Nginx and VeriSign SSL Certificates

18 06 2011

Although instructions are provided for many web servers/systems there are no instructions on the VeriSign web site on how to setup Nginx.

One tip that may save you a couple of minutes is that your Nginx SSL configuration will not work correctly with the VeriSign provided Apache CA bundle of intermediate certificates.

To get a certificate bundle that will work properly I suggest the following steps.

  • First download both the Primary Intermediate CA Certificate and the Secondary SSL Intermediate CA Certificate files.
  • Second, concatenate your certificate, then the primary CA certificate, then the secondary certificate into a single file.
  • Third reference the resulting file in your nginx SSL configuration, verify your configuration, and restart nginx.

To ensure everything is setup correctly you can verify your site using the VeriSign Certificate Check application.
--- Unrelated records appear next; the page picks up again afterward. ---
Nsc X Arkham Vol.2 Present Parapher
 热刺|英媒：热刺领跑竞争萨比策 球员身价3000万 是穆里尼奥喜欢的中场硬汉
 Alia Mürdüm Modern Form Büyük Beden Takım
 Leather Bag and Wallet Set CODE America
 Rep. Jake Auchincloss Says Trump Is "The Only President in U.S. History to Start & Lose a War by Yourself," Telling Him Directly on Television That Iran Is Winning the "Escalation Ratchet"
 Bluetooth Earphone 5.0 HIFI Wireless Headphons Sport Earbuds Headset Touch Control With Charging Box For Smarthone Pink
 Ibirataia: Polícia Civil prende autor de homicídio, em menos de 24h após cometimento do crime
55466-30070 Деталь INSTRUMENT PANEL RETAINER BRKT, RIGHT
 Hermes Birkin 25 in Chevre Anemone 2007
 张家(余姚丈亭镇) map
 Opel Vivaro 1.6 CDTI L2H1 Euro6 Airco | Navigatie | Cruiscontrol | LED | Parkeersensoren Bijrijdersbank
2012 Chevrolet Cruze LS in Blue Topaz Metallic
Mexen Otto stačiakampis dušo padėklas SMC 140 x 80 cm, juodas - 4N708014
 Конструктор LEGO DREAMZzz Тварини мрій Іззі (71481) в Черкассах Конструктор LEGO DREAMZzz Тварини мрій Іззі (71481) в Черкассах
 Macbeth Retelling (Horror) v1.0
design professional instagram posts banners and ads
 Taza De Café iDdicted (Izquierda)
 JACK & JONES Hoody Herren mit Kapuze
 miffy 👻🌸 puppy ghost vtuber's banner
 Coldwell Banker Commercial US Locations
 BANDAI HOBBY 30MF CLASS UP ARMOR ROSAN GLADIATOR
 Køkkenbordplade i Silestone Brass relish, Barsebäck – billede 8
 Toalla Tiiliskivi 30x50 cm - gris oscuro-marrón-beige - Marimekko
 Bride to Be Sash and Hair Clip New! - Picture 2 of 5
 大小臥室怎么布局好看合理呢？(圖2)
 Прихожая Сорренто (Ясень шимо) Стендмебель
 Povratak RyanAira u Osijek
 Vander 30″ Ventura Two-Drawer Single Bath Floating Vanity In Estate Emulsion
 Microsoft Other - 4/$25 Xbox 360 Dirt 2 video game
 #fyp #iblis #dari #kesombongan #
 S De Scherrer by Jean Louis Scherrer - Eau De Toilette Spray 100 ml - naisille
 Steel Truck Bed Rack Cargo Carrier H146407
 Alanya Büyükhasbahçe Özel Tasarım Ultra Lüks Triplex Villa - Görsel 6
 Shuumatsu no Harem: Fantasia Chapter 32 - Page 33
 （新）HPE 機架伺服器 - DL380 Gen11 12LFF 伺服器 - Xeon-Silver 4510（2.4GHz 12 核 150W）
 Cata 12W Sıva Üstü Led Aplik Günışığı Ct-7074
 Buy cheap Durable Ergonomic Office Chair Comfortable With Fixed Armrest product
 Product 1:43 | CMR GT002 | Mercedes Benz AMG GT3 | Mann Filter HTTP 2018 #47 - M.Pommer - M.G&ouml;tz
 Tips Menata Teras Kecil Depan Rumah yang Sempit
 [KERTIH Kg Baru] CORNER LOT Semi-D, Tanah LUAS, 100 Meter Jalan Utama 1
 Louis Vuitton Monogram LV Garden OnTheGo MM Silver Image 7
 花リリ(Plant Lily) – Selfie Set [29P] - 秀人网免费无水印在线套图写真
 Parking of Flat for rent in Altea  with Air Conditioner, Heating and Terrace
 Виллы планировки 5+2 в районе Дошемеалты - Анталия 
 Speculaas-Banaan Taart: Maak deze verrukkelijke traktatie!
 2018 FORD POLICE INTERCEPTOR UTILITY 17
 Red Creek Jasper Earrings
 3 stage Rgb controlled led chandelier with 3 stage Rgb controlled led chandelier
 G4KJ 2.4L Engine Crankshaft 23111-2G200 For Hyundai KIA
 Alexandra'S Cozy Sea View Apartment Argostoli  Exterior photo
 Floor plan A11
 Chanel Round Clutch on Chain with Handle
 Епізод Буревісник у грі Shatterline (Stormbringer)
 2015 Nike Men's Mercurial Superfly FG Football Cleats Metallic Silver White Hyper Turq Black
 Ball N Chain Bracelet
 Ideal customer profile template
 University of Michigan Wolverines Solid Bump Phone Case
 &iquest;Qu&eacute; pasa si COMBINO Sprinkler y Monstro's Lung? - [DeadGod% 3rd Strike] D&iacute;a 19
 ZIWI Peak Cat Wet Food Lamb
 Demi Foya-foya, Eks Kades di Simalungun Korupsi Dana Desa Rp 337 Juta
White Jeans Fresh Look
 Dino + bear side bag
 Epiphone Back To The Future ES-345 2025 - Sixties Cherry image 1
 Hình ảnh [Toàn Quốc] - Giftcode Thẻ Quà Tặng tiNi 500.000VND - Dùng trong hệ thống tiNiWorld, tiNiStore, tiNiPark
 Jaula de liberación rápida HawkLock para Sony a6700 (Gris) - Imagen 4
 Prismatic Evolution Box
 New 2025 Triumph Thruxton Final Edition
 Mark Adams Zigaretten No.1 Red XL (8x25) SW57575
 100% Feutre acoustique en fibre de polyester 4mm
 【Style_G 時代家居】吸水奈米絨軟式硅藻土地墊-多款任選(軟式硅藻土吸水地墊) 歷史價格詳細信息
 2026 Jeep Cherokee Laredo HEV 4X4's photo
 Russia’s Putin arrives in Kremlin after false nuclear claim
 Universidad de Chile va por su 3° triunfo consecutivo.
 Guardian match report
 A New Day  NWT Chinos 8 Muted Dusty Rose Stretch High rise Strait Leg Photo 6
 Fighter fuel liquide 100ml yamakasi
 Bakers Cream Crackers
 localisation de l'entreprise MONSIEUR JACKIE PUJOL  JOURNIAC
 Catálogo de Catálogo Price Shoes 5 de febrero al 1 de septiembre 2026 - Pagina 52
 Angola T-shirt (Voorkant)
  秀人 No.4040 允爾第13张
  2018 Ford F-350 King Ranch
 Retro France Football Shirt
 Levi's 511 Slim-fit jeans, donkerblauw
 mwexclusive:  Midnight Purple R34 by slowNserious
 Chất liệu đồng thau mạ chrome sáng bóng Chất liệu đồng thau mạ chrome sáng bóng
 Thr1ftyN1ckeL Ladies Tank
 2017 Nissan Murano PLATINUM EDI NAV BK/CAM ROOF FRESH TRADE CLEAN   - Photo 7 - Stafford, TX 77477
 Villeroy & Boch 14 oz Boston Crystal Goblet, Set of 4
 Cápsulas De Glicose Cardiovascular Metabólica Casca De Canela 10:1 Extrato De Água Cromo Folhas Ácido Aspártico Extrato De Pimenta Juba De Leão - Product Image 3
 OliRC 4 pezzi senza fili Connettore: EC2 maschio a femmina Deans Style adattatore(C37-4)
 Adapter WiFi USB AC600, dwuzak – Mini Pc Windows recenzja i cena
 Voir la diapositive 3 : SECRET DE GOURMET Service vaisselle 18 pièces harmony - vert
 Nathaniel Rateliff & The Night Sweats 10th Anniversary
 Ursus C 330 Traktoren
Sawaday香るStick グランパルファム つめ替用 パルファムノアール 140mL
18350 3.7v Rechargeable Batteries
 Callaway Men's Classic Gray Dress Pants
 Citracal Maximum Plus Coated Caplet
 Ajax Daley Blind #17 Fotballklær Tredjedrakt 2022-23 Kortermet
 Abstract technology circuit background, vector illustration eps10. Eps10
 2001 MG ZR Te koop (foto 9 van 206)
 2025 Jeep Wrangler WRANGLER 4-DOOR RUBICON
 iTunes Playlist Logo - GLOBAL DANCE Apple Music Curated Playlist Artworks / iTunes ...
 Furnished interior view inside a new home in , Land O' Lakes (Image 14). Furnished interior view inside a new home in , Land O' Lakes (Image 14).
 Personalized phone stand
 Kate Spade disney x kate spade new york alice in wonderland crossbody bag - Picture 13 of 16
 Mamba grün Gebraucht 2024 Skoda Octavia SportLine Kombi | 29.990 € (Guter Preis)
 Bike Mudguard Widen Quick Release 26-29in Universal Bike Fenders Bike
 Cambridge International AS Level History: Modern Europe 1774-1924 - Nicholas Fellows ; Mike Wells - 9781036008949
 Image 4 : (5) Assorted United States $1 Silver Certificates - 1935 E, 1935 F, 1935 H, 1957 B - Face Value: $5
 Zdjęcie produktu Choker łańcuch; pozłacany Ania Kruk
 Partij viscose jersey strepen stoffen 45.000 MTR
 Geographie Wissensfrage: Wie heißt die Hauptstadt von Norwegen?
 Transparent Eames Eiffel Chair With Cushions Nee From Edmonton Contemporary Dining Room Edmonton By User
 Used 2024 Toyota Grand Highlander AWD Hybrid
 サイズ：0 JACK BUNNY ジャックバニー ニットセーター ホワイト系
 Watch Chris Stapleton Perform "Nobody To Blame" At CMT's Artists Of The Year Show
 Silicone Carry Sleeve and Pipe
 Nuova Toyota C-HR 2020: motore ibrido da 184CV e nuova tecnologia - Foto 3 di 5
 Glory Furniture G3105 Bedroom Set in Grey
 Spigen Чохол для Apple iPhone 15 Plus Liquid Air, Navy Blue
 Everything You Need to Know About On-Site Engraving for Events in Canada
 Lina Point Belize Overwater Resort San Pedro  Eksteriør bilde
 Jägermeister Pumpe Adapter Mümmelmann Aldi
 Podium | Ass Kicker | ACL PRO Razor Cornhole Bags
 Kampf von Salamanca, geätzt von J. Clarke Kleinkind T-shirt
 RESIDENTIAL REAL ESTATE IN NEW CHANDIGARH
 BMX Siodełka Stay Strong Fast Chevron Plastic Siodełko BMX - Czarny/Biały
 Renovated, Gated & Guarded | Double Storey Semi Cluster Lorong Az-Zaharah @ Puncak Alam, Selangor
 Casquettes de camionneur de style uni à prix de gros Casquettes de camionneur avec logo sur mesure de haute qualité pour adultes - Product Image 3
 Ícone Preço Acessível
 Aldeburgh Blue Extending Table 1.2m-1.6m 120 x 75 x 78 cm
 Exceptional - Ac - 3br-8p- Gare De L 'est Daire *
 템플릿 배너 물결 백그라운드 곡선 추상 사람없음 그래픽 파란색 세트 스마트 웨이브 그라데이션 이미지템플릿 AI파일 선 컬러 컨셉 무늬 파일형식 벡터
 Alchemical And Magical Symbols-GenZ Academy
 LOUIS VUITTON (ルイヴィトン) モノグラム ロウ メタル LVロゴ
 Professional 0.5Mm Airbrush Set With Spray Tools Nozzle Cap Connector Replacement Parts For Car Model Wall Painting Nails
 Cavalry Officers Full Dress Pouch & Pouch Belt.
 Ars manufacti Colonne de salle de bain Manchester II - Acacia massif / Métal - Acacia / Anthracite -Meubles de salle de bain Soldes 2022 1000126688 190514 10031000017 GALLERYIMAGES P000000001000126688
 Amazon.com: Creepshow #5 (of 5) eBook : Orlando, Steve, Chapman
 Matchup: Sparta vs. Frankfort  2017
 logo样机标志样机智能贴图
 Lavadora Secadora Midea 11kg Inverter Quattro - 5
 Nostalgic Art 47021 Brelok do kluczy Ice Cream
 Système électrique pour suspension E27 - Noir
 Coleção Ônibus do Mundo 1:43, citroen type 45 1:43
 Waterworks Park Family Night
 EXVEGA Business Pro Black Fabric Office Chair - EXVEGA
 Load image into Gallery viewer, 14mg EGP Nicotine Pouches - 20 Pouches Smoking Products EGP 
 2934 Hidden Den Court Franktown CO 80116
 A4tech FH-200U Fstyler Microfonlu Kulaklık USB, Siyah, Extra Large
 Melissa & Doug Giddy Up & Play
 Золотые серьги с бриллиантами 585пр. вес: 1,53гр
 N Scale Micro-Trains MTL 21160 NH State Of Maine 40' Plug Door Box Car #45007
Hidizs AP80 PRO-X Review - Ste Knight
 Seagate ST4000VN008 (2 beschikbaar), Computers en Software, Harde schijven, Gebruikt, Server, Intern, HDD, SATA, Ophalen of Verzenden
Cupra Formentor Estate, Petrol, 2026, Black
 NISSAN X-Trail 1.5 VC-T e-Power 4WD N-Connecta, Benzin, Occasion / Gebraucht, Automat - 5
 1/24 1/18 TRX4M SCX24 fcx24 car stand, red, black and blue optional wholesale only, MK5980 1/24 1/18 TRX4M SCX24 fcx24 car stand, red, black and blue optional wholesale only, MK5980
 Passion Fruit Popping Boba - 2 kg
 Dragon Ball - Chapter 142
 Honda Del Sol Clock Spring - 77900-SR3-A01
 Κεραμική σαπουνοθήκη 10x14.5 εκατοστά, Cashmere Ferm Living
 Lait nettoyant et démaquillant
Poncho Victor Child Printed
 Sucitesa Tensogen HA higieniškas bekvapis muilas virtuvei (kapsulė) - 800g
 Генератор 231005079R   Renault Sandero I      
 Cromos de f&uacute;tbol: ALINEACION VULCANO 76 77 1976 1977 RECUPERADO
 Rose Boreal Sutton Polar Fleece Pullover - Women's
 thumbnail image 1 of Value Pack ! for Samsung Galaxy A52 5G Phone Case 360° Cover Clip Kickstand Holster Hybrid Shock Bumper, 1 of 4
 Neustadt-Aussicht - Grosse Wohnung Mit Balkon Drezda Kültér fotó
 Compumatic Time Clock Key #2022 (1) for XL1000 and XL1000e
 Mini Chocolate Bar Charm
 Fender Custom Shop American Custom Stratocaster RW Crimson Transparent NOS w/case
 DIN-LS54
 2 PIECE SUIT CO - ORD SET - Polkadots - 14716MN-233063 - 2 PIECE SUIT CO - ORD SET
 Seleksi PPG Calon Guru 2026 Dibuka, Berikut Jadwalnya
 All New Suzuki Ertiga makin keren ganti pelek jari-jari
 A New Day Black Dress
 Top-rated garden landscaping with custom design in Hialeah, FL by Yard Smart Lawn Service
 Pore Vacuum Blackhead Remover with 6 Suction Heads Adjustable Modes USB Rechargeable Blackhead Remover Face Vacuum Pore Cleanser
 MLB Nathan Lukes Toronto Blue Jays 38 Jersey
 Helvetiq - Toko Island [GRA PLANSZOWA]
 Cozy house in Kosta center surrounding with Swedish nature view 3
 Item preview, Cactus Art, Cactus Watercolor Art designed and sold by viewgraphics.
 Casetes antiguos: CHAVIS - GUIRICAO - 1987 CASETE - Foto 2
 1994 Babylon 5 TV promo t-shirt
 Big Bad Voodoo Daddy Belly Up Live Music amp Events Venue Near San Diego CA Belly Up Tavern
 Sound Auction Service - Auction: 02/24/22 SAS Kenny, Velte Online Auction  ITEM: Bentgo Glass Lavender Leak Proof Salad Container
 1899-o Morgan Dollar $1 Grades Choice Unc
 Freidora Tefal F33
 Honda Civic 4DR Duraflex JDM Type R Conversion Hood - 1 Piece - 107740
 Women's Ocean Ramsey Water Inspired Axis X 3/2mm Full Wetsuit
ROI of Social Media per Gary Vaynerchuck

18 06 2011

If you’re not bothered by a couple of F bombs I think the following is a pretty interesting clip where Gary Vaynerchuck gives his answer on how to respond to the question of “How do you measure the ROI of Social Media?”

If you choose to use Gary’s suggested answer just make sure your audience understands the proper context for your response of “your mother”.





Maximizing the utility of failure

24 05 2011

Not specifically a “fail fast” blog post but Dave Kellog recently expressed his thoughts on the value or structuring/designing business initiatives to allow for drawing specific conclusions based on the results of the initiative.

He argues that the results of the initiative should clearly indicate whether it was a repeatable failure or a repeatable success.

Thus, my statement: if we can’t have repeatable success, then can we at least have repeatable failure?

He is describing one of the ways to maximize the utility of failure (and/or also success in this case) through critical thinking and considering the possibility of failure while still planning.

A “test” that yields inconclusive results due to the way it was structured (i.e. could have yielded conclusive results with an alternative formulation) should not be considered failing fast.





Book Review of “The Thank You” Economy by Gary Vaynerchuk

21 05 2011

I’ve just completed reading The Thank You Economy by Gary Vaynerchuk.

Book - The Thank You Economy by Gary Vaynerchuk

The essence of his message to readers is captured in the title of Chapter one, “How Everything Has Changed, Except Human Nature”.

In Part I of the book, entitled “Welcome to the Thank You Economy”, Mr. Vaynerchuk provides the definition of “Thank You Economy” (TYE) and its historical and cultural context.

The premise is that somewhere around or just preceding the middle of the last century our economy transformed from what was almost exclusively a “local” economy of small business whose owners had close relationships with their customers. At this time “word of mouth” had a very strong influence in the ultimate success or failure of any business.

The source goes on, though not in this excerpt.